++++ RAW DATA
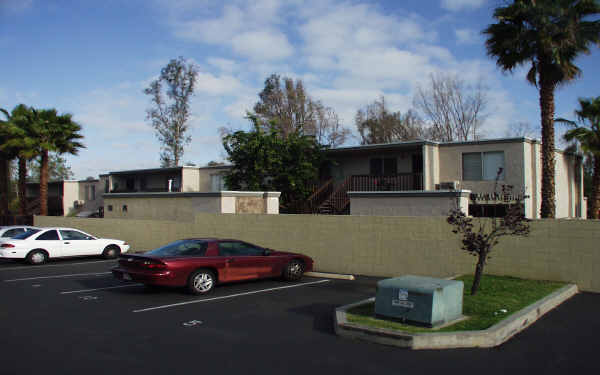 1054 S Magnolia Ave in El Cajon, CA - Building Photo - Building Photo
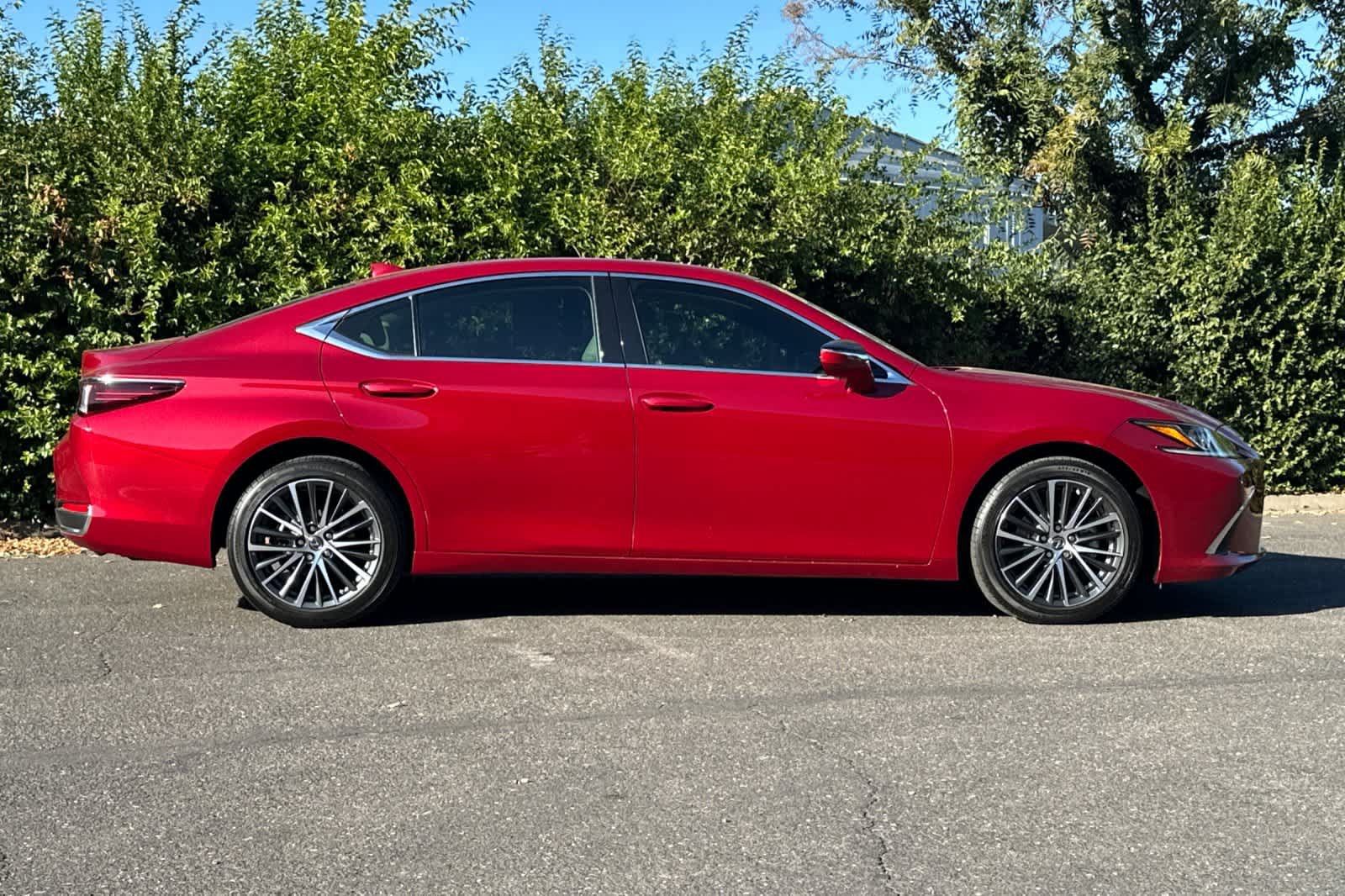 Used 2023 Lexus ES 250 w/ Premium Package AWD/4WD image 2
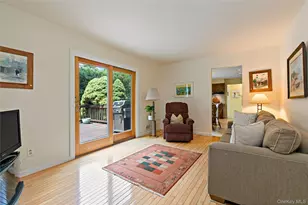 8 McKenna Pl, Mamaroneck, NY 10543 - Photo 7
++++++++
PROBLEM
Return every line above exactly, omitting images.

WRITTEN SOLUTION
 1054 S Magnolia Ave in El Cajon, CA - Building Photo - Building Photo
 Used 2023 Lexus ES 250 w/ Premium Package AWD/4WD image 2
 8 McKenna Pl, Mamaroneck, NY 10543 - Photo 7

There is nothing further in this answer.